# Keelback or brown



## Jungle-Mad (Jan 29, 2014)

Me and the misses are having an argument about what snake this is i'm saying keelback she said brown. What do you guys think?


----------



## imported_Varanus (Jan 29, 2014)

Keelback!


----------



## The_Geeza (Jan 29, 2014)

She didn't google very well........lol......no brown in sight


----------



## Jungle-Mad (Jan 29, 2014)

It slid through he legs while she was packing the dishwasher.... Thought she chopped her bloody fingers off

- - - Updated - - -

Think there is a healthy suppy just found his brother/sister

- - - Updated - - -

View attachment 304825


----------



## NicG (Jan 29, 2014)

Definitely a Keelback.

That last attachment didn't come through.


----------



## ryanbichel (Feb 5, 2014)

I know its a bit late but a keelback


----------



## Amynickid (Feb 5, 2014)

haha keelback


----------



## Bluetongue1 (Feb 7, 2014)

I can see why she thought it was a brown.
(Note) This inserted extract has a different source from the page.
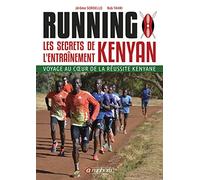 Running: Les secrets de l'entraînement kényan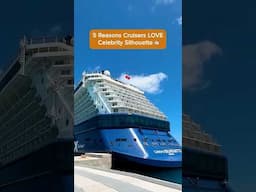 5 Reasons Cruisers LOVE Celebrity Silhouette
Fortunately it has keeled scaled and is not a Roughie (from head scales and shape).

Blue


----------



## moosenoose (Feb 7, 2014)

I'll be honest, I often get confused between keelbacks and roughies.....at least when I know I'm picking up something dangerous, I won't get that extra surprise if it bites me :lol:


----------



## Baldy (Feb 7, 2014)

wow i cant tell anything from those pics

what i mean is i cant really see any scales in great detail..


----------